- **Exercise description**: Leaving the pictures aside, repeat the entries exactly.

Given records Start Marker

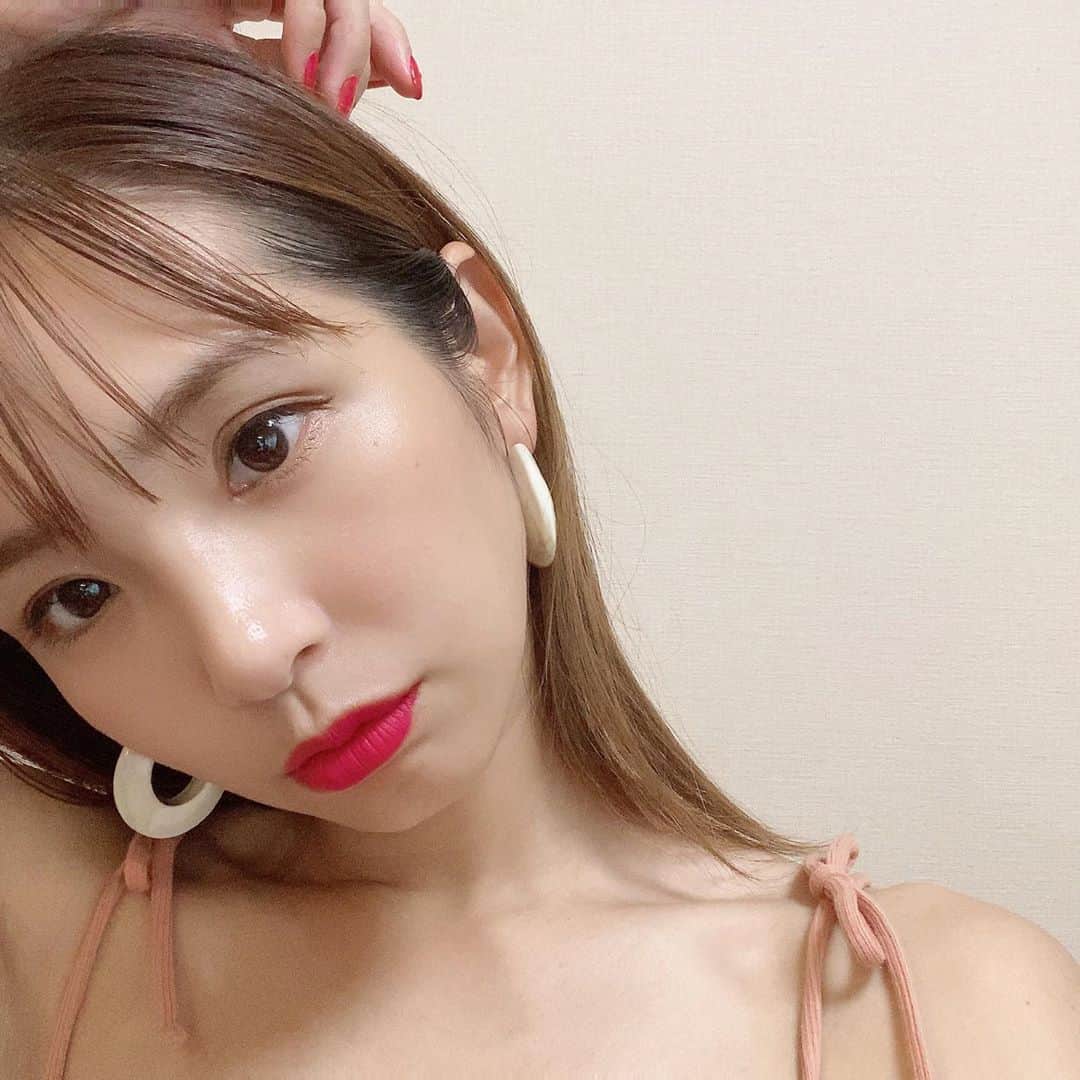 福長優のインスタグラム：「何もしないのに どこも行かないのに 濃い口紅塗るだけで気分がアガル💄  外行く時に塗る機会がなくなっちゃったよね😷とほほ。  #rip#makeup #リップ #メイク#おうち時間」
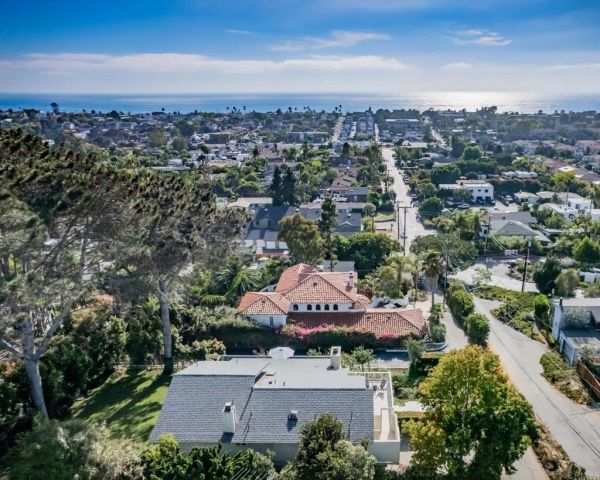 279 Hillcrest Drive, Encinitas, CA 92024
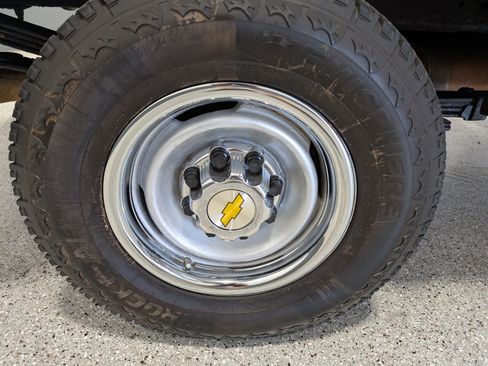 Used 2003 Chevrolet Silverado 2500 4x4 Regular Cab w/ Snow Plow Prep Package image 13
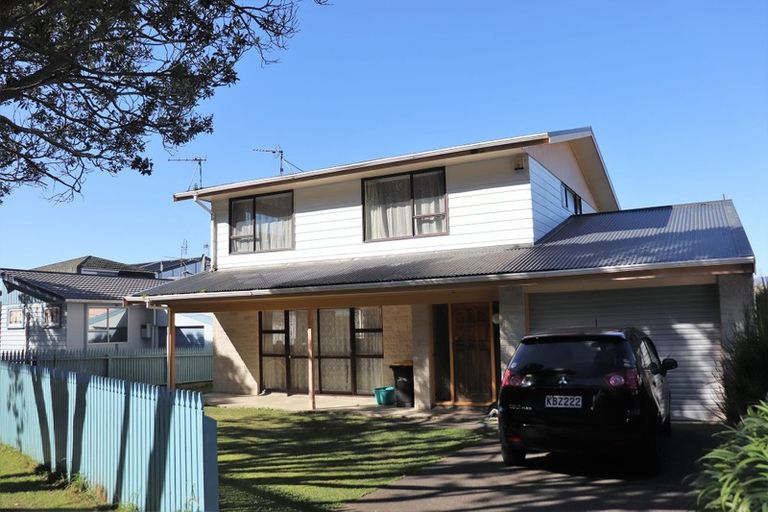 Photo of property in 80 Akaroa Drive, Maupuia, Wellington, 6022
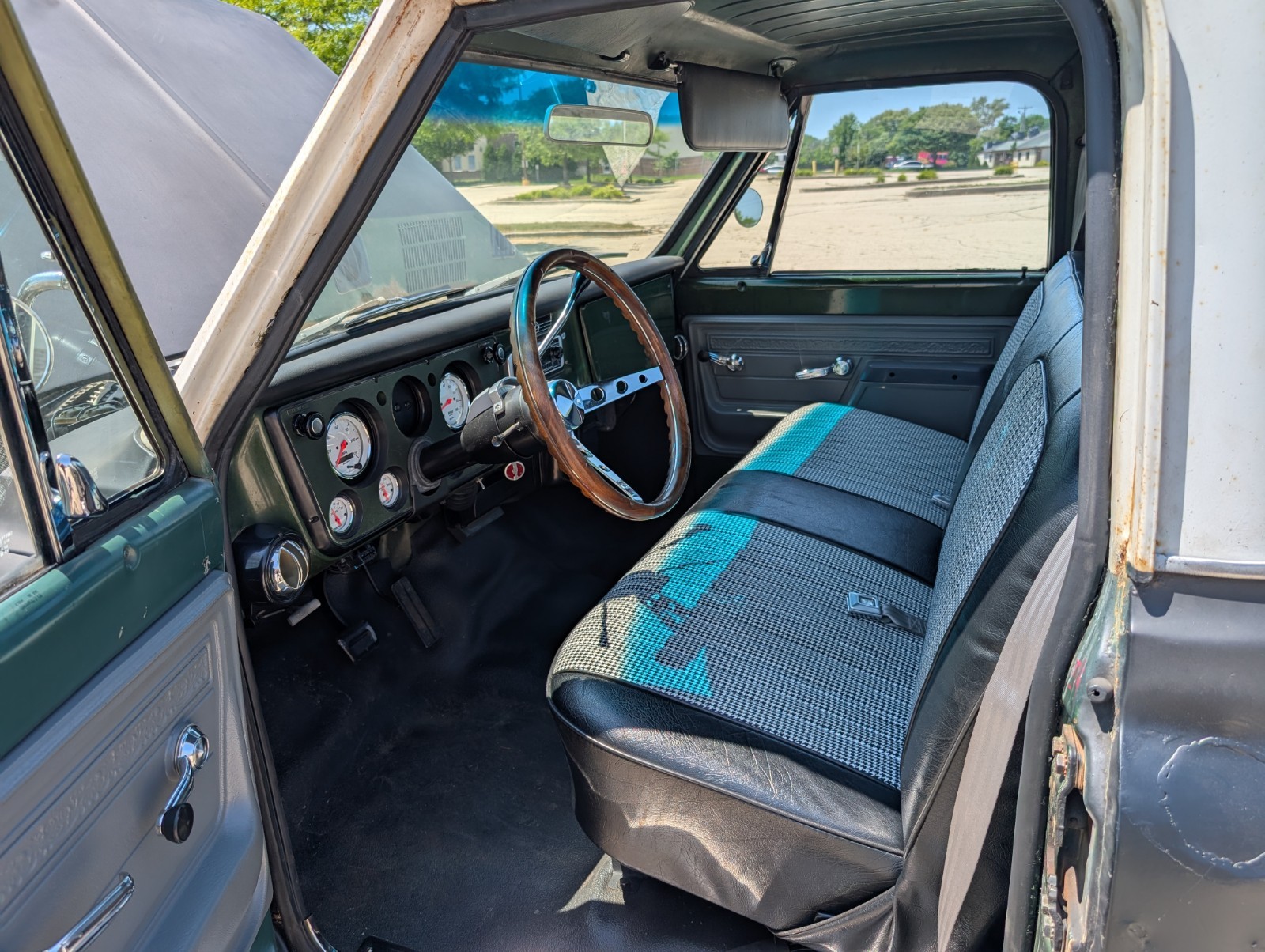 GMC-C15C1500-Pickup-1972-Crew-Cab-Pickup-10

Given records End Marker

- **Solution**:
 福長優のインスタグラム：「何もしないのに どこも行かないのに 濃い口紅塗るだけで気分がアガル💄  外行く時に塗る機会がなくなっちゃったよね😷とほほ。  #rip#makeup #リップ #メイク#おうち時間」
 279 Hillcrest Drive, Encinitas, CA 92024
 Used 2003 Chevrolet Silverado 2500 4x4 Regular Cab w/ Snow Plow Prep Package image 13
 Photo of property in 80 Akaroa Drive, Maupuia, Wellington, 6022
 GMC-C15C1500-Pickup-1972-Crew-Cab-Pickup-10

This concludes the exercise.